SGEMM Tutorial

Introduction and Executing the Examples

This document describes the use, implementation, and analysis of the GPU accelerated program provided in this tar file. It is not meant as a standalone guide, but is better used as an aid in understanding and using the example code from the tar-file. For resources with in-depth discussions of GPU programming, refer to the listed resources at the end of this document.

The algorithm used for the computationally intensive portion of the example program is a matrix-matrix multiply (C = A*B), referred to by the BLAS naming convention “sgemm” meaning single precision, general matrix multiply.
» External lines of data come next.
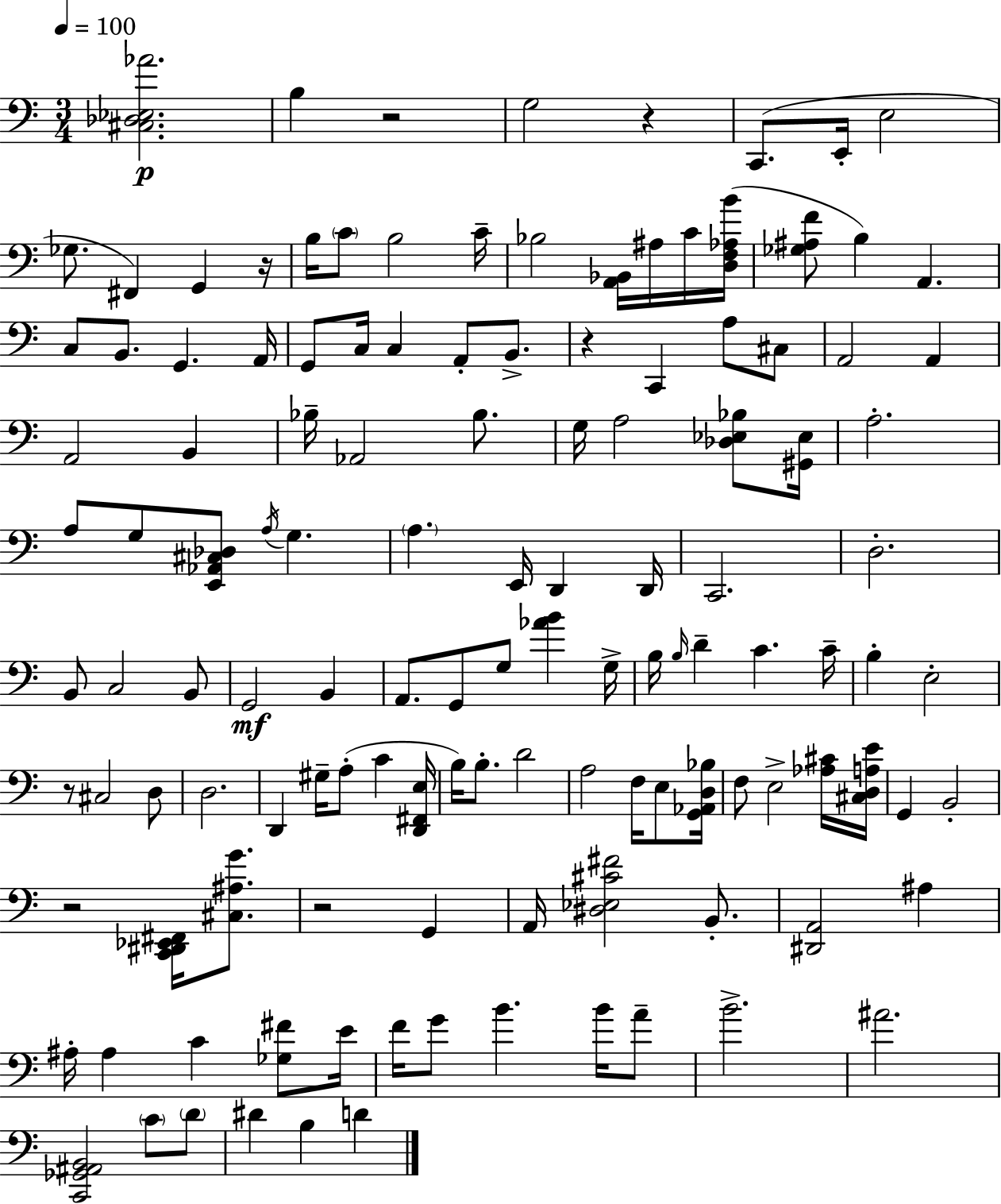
{
  \clef bass
  \numericTimeSignature
  \time 3/4
  \key c \major
  \tempo 4 = 100
  <cis des ees aes'>2.\p | b4 r2 | g2 r4 | c,8.( e,16-. e2 | \break ges8. fis,4) g,4 r16 | b16 \parenthesize c'8 b2 c'16-- | bes2 <a, bes,>16 ais16 c'16 <d f aes b'>16( | <ges ais f'>8 b4) a,4. | \break c8 b,8. g,4. a,16 | g,8 c16 c4 a,8-. b,8.-> | r4 c,4 a8 cis8 | a,2 a,4 | \break a,2 b,4 | bes16-- aes,2 bes8. | g16 a2 <des ees bes>8 <gis, ees>16 | a2.-. | \break a8 g8 <e, aes, cis des>8 \acciaccatura { a16 } g4. | \parenthesize a4. e,16 d,4 | d,16 c,2. | d2.-. | \break b,8 c2 b,8 | g,2\mf b,4 | a,8. g,8 g8 <aes' b'>4 | g16-> b16 \grace { b16 } d'4-- c'4. | \break c'16-- b4-. e2-. | r8 cis2 | d8 d2. | d,4 gis16-- a8-.( c'4 | \break <d, fis, e>16 b16) b8.-. d'2 | a2 f16 e8 | <g, aes, d bes>16 f8 e2-> | <aes cis'>16 <cis d a e'>16 g,4 b,2-. | \break r2 <c, dis, ees, fis,>16 <cis ais g'>8. | r2 g,4 | a,16 <dis ees cis' fis'>2 b,8.-. | <dis, a,>2 ais4 | \break ais16-. ais4 c'4 <ges fis'>8 | e'16 f'16 g'8 b'4. b'16 | a'8-- b'2.-> | ais'2. | \break <c, ges, ais, b,>2 \parenthesize c'8 | \parenthesize d'8 dis'4 b4 d'4 | \bar "|."
}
Note that the sgemm implemented in these examples is restricted for simplicity to the square matrix case only, and is a mostly unoptimized simple O(n^3) algorithm.

The tar-file contains the complete source code for all of the examples discussed here, as well as makefiles that will build the executables using either the Gnu or Intel compilers and libraries on Keeneland. Both “accelerated” (meaning that the computation is done by one or more GPUs) and “parallel” (meaning that the work is split between 2+ CPUs or GPUs) examples of the sgemm are provided and discussed. In order to compile using either compiler suite, a symbolic link should be made to the corresponding version of the makefile, followed by running the “make” command.
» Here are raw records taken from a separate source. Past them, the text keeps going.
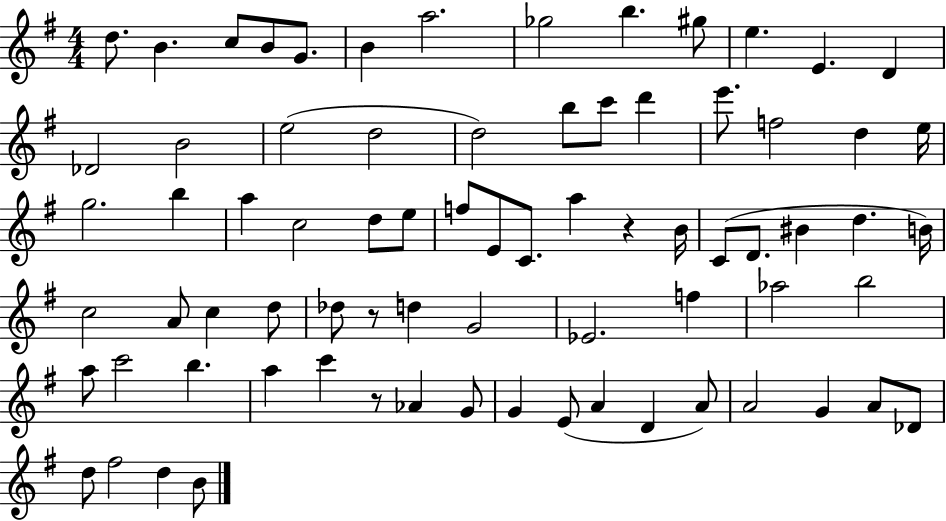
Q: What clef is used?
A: treble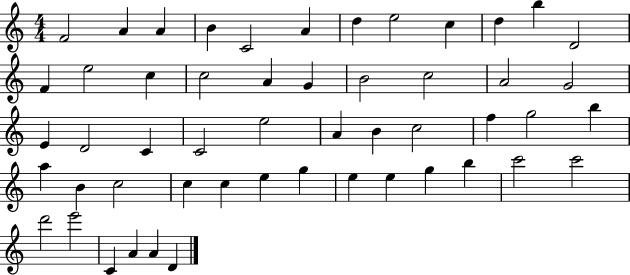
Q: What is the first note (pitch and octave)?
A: F4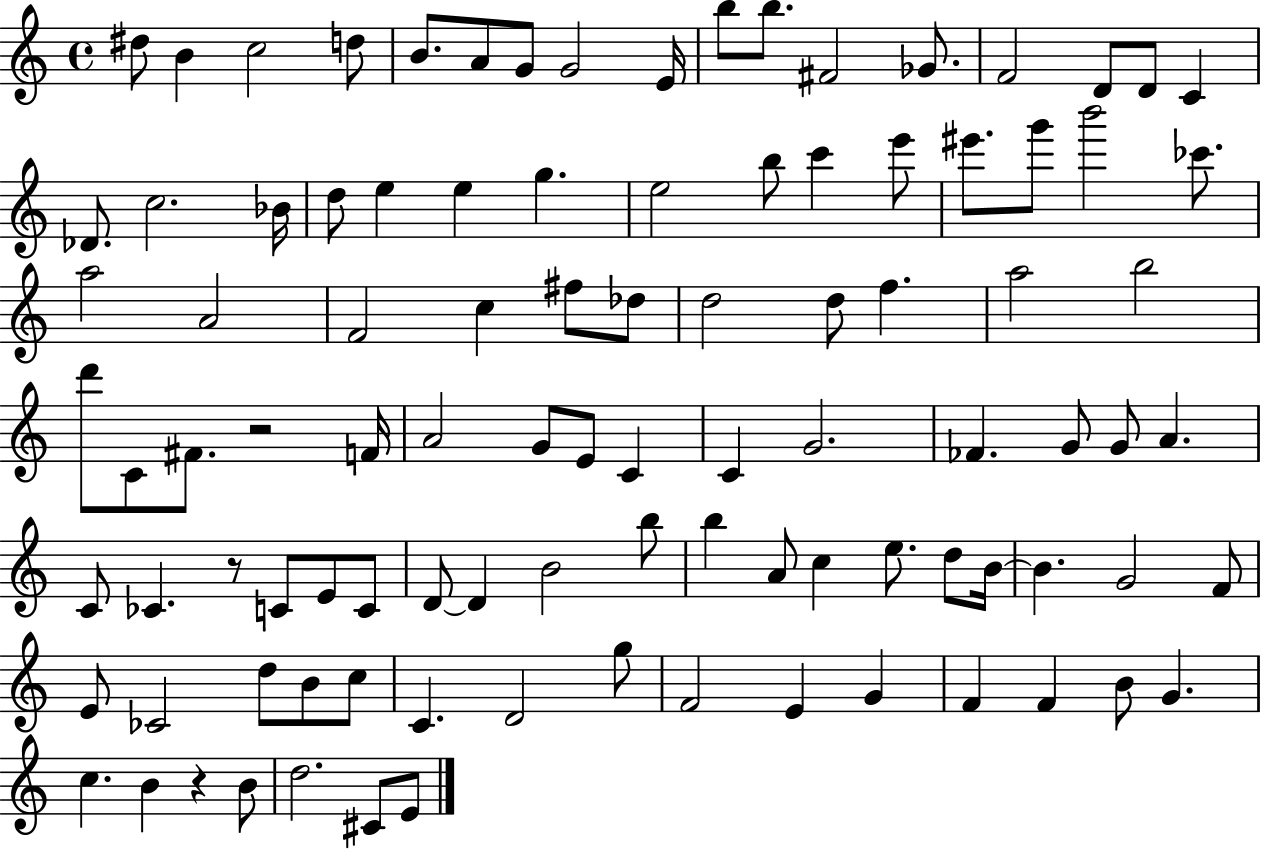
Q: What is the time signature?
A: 4/4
$ ln -s ./Makefile.keeneland_gnu ./Makefile
$ make

If additional verbose output is desired, the makefiles can be edited to include the preprocessor directive “-DVERBOSE” which will enable additional comments during execution of the various example programs. This is option provides additional debugging messages and is not necessary for general use cases.

After compilation using make, every version of the executable is run in the same way

$ ./exec_name X N

where “exec_name” is the name of the executable, “X” is the number of times the code will generate two random matrices and multiply them together, and “N” is the size of one dimension of the square matrices to be multiplied. Note that all versions of the code assume that all three matrices can be held together in both system and GPU memory. If the executable is run without any arguments, a usage message will be printed that describes the necessary input parameters.

When executed, all versions of the code will give similar output. The first line will describe what the program is doing, based on the command line arguments provided by the user. Next will be timing info that depends on the version of the code and parallelization/acceleration used. Finally, the upper left (6x6) corner of the answer 'C' matrix will be printed. Only the first 6 rows and columns are printed, regardless of the actual size of the matrices computed by the code. Also, only the final 'C' matrix is shown, regardless of how many multiplies were requested using the “X” input parameter to the program.

Serial SGEMM

Program Name: mm

General Notes

This program is the serial, non-accelerated version of the sgemm algorithm that is implemented across all versions of the examples provided.

Both matrices are represented using dynamically allocated single-dimensional arrays, rather than the double square brace syntax, allowed by the C programming language for two-dimensional arrays. This is done to encourage the system to provide contiguous chunks of memory returned by malloc(), which may help improve performance.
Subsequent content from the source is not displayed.